Each of these operational processes are part of the implementation of a third-party risk management program structure. However, to make the controls auditable and testable will require not only compliance documentation but artifacts and testing of the controls, to provide evidence to auditors of the implementation of the third -party governance program requirements. Multiple regulatory drivers are triggering changes to mature the third- party risk governance process. Creating an external assurance maturity calendar, requires taking a long view, embedding into readiness this year for what is tested next year.
While it can be easy to feel like throwing in the towel, the reality is the SOC boxing matches will continue, and evolve as new scoring mechanisms are defined. Here are six readiness steps to tackle, one per month to avoid feeling on the ropes or down for the count while you prepare for an audit of your third-party risk governance program.
- Policies: Review and create a comparison of the Vendor and Risk Management criteria to your Third-Party Policies and Procedures.
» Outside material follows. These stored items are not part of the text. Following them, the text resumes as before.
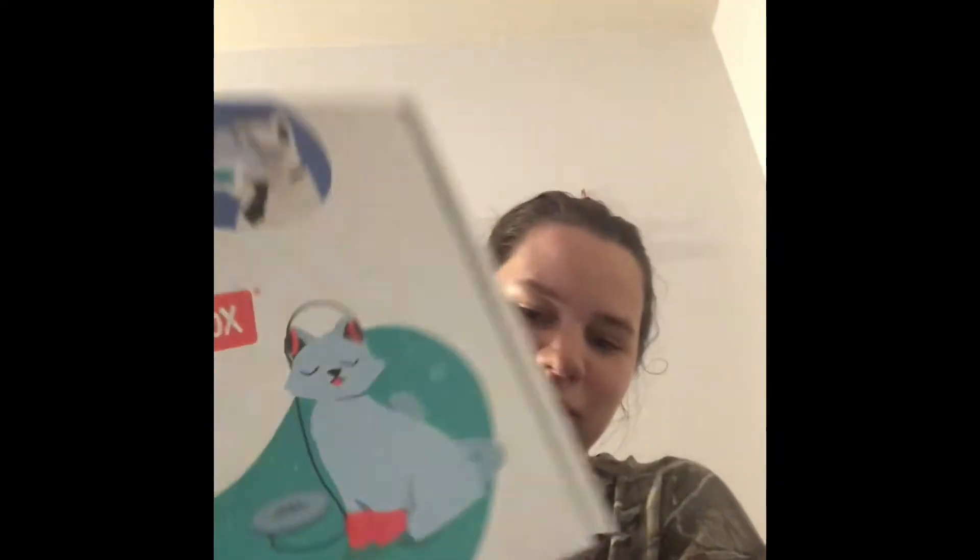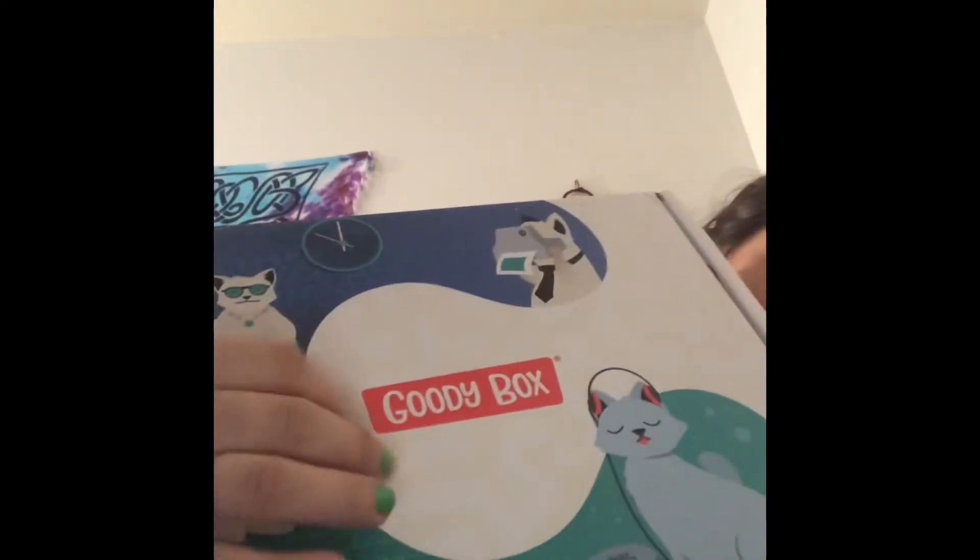Hey y'all, so I have that other Chewy box that I was waiting for. Most of these are going to be like Christmas presents. My cats get Christmas presents — they are like my children. And yes, I'm an early Christmas presents shopper. We have the goodie box from Chewy.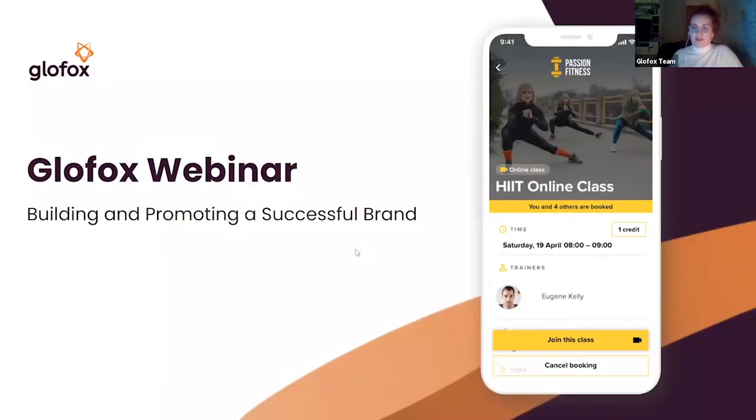Hi everyone, thank you so much for joining. You have Niamh and Matt here from our customer success team. Some of you may know us already; if not, it's lovely to meet you, and hopefully we get to work with each other very closely going forward.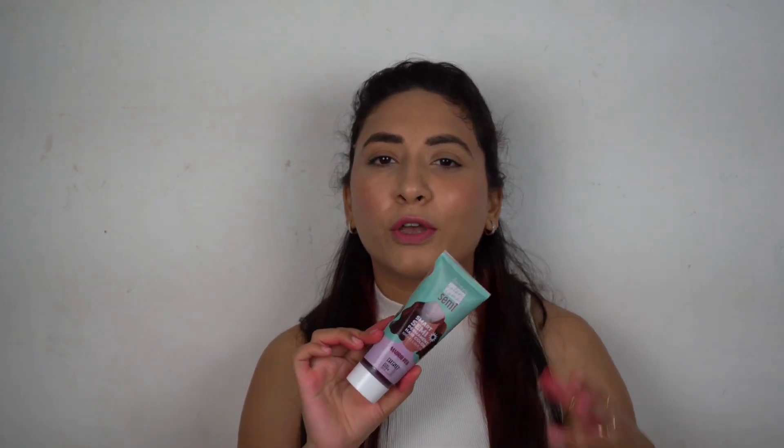During the process, this hair color also provides hydration, which is why you can see my hair today doesn't look damaged or dull like we normally feel after regular hair coloring. To use the Colorisma semi-permanent hair color, it works on pre-lightened hair. I mixed streaks pre-lightening powder and developer into a paste and applied it first for about 30 to 40 minutes. Once my hair was pre-lightened, I applied this hair color and kept it for 20 to 25 minutes, then washed it off with shampoo and conditioner.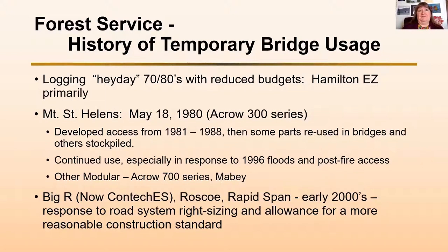These have been in service for 40-plus years. We use them in response to floods and for post-fire access. We also have other modular bridges in our system, including one ACRO 700 series, which Nick also talked about, and we do have one maybe bridge.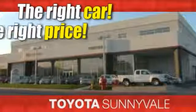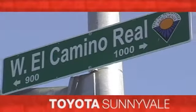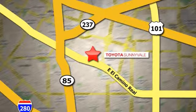The right car at the right price. Toyota Sunnyvale is the dealership for you. We are conveniently located in the heart of Silicon Valley at 898 West El Camino Real.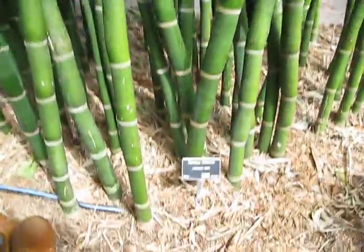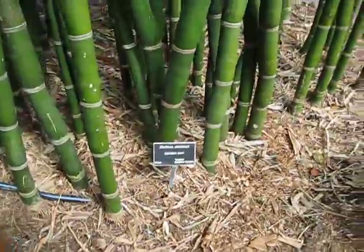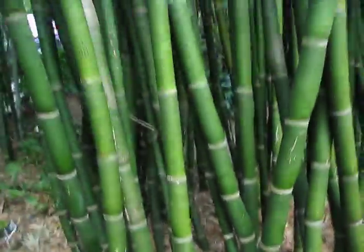Once again, a Bambusa emiensis. And it says standard form on it, so I assume there are other types of this.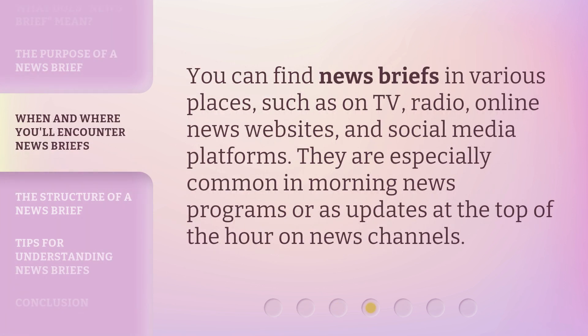You can find news briefs in various places, such as on TV, radio, online news websites, and social media platforms. They are especially common in morning news programs or as updates at the top of the hour on news channels.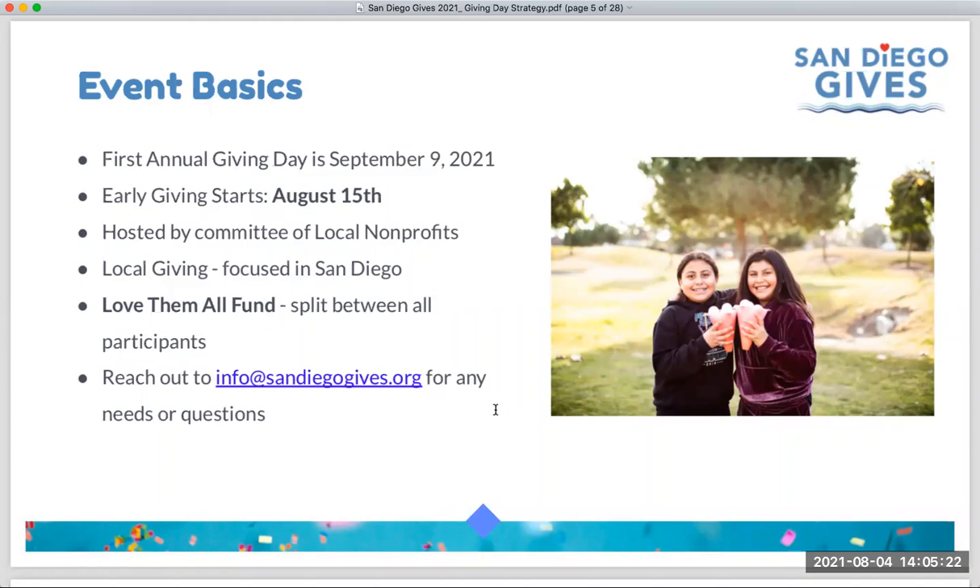One other thing to mention is the Love Them All Fund, which is a piece of this year's event. It will be available as an option for donors to give to from early giving through the giving day, and any donations made to it during the campaign will be split evenly between all participating nonprofits. For questions about the local campaign effort, email info@sandiegogives.org. We'll cover at the end of today's webinar how to get in touch with Mighty Cause customer support for technical questions.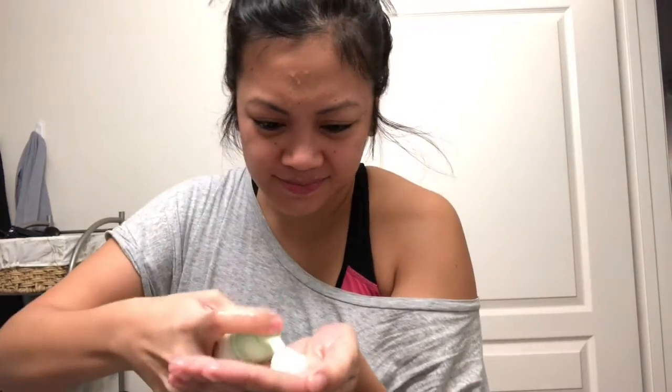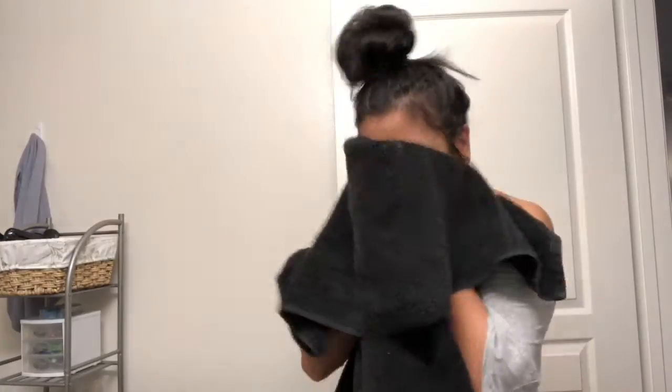My favorite cleanser is this Foaming Aveeno Face Wash. I also use this to clean my makeup brushes whenever I clean my makeup brushes.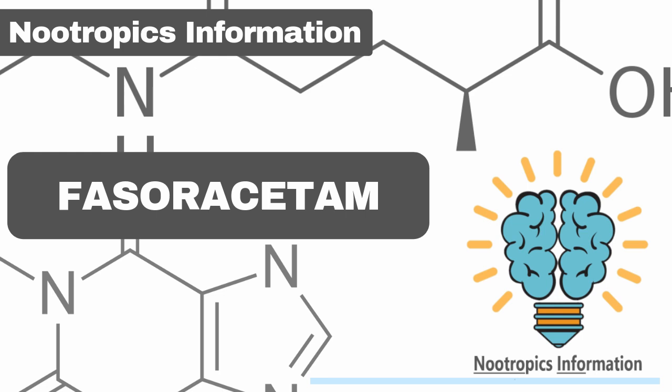Fasaracetam minimizes memory decline, forgetfulness, and amnesia. Individuals who use it report it positively impacts their memory. That is due to the chemicals it produces, which increase learning, memory, and cognitive functions.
Plan for need for additional compliance documentation, process maps.
- Employee Knowledge: Prepare employees who manage controls, by sending out a self-assessment of their understanding of the roles, accountabilities and governance for third party risk. Update control owners, assess internal expertise and identify gaps.
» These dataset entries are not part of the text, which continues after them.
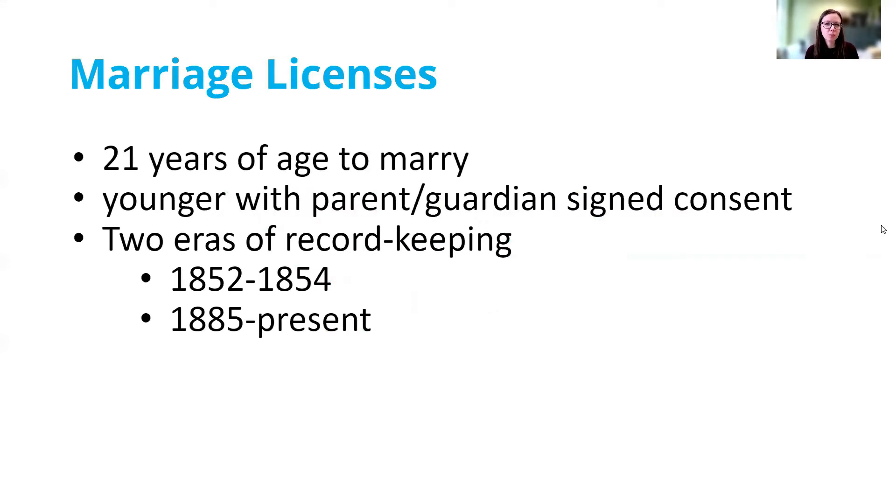Generally speaking, when we talk about researching a marriage, we're looking for the marriage license — the official record of the event. When we are looking at marriage licenses in Pennsylvania, a marriage license would be issued to a couple if they were 21 years of age or older, or if they were younger than 21, it could be issued as long as a parent or guardian came with them and signed their consent to the marriage.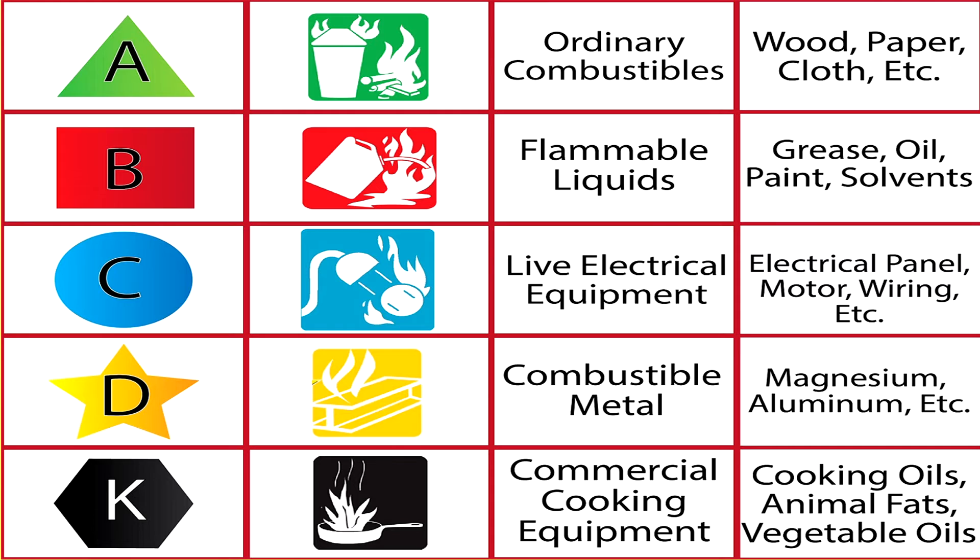Class B is a fire that contains flammable liquid — hydraulic fluid, oil, or aircraft fuel. The extinguishing agent needs to have a blanketing effect; a halon extinguisher would be required. Smoke in a Class B fire is usually black in color, very thick and very distinct.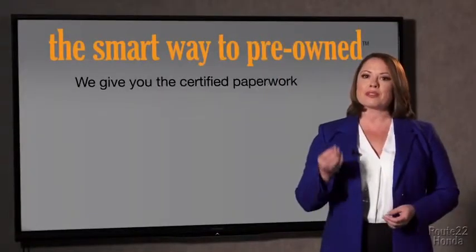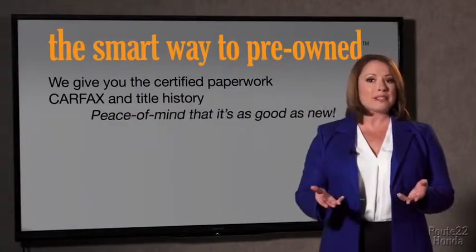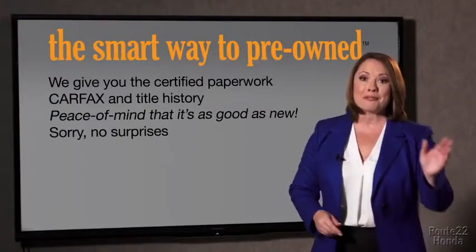The best thing I like about SmartWay Pre-Owned, besides the great price I got, is that I know I bought a good car. Why should you worry if the odometer's been rolled back, or you're the victim of a salvaged or rebuilt vehicle, or worse, a washed title? We give you the certified paperwork, along with the CarFax and the title history, providing you with the peace of mind that your certified pre-owned is as good as new. We really don't want to skimp on any of those little things that need to be checked out about your certified pre-owned vehicle.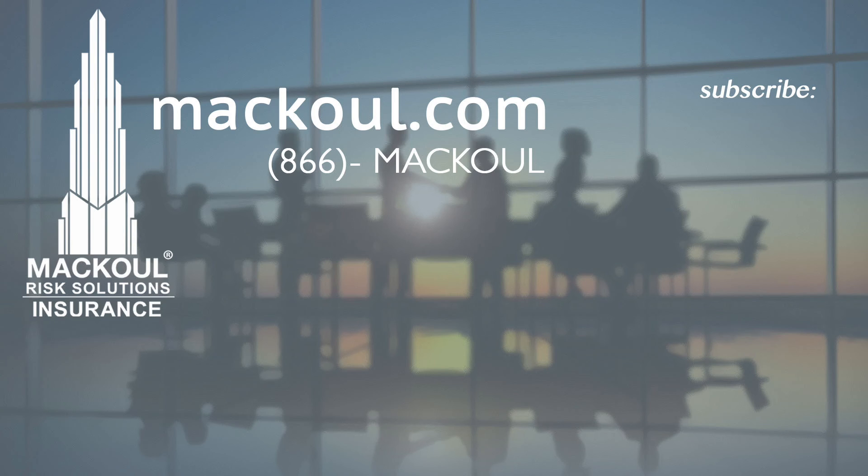Thinking about all the damage the winter weather can cause is scary, but it's good to know that you are protected and your agent is only a phone call away. For more information on protecting your home in the winter, please visit mccool.com.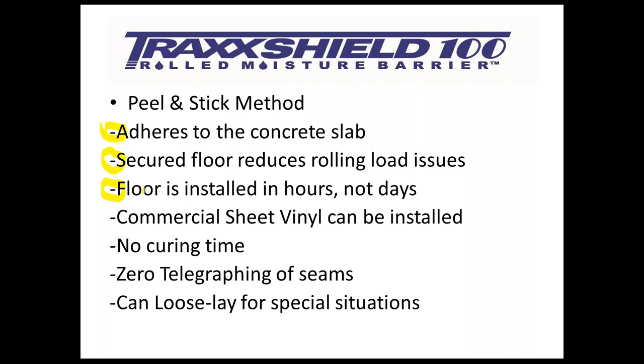As a peel-and-stick system, it is a floor installed in hours, not days. You could start your job in the morning, put the primer down, let it cure, then install TrackShield that same morning. By the afternoon you are ready to install your finished floor — so some jobs will be done that same day, as opposed to other methods available to you. And peel-and-stick makes it possible for commercial sheet vinyl to be installed so that there are no voids in the flooring system. Once peel-and-stick to the concrete, it is ready to receive your adhesive — no waiting time.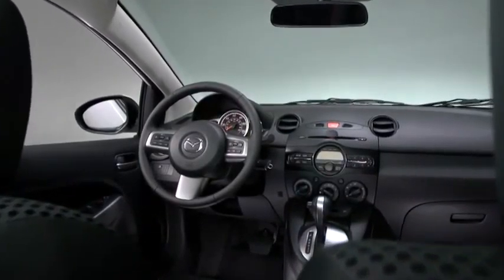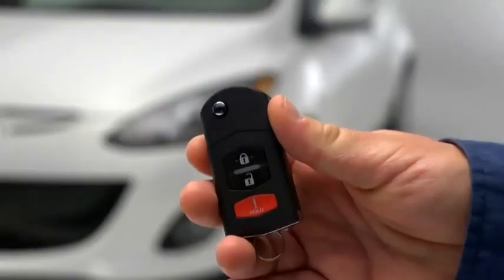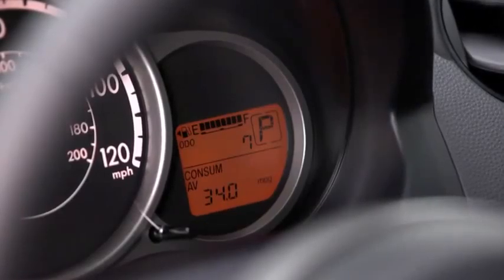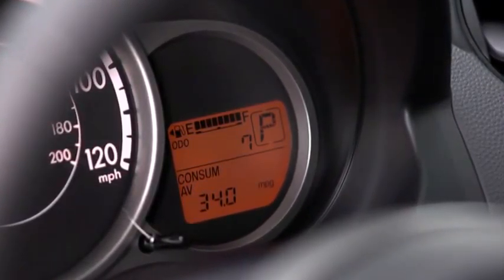Mazda 2 may be slim and trim but it's not light on technology. You can stop wrestling with locks thanks to Mazda 2's remote keyless entry, and start managing your driving habits with an available in-dash trip computer that calculates your average fuel consumption.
- Technology: Conduct an assessment with your current GRC tools to prepare for any IT or configuration changes.
- Benchmark: Refresh benchmarking the maturity of your Third-Party Program to the Vendor Risk Management Maturity Model
- Risk Reporting: Review existing scorecards, dashboards and management reporting on third party risk governance and identify changes to meet the new common criteria.
- Process Refinement: Embed security, confidentiality, and privacy commitment processes into a common third party continuous monitoring process.
Yes, audit standard changes can feel daunting, and complex. However, just like there are weight levels in boxing to make the fights fair, assessing a third-party program is also risk based. Focus on the critical activities, critical services, critical controls, and third-party relationships, most of these requirements are not dramatically new, they are simply driving maturity into the third-party risk governance program that have been in place for financial controls.
Linnea Solem is a former Shared Assessments Program Steering Committee Chairperson, and current Advisory Board Member. She is the President and Founder of Solem Risk Partners, LLC a management consulting and advisory services company focused on Third Party Risk Governance, Privacy Program Management, and Enterprise Risk Management.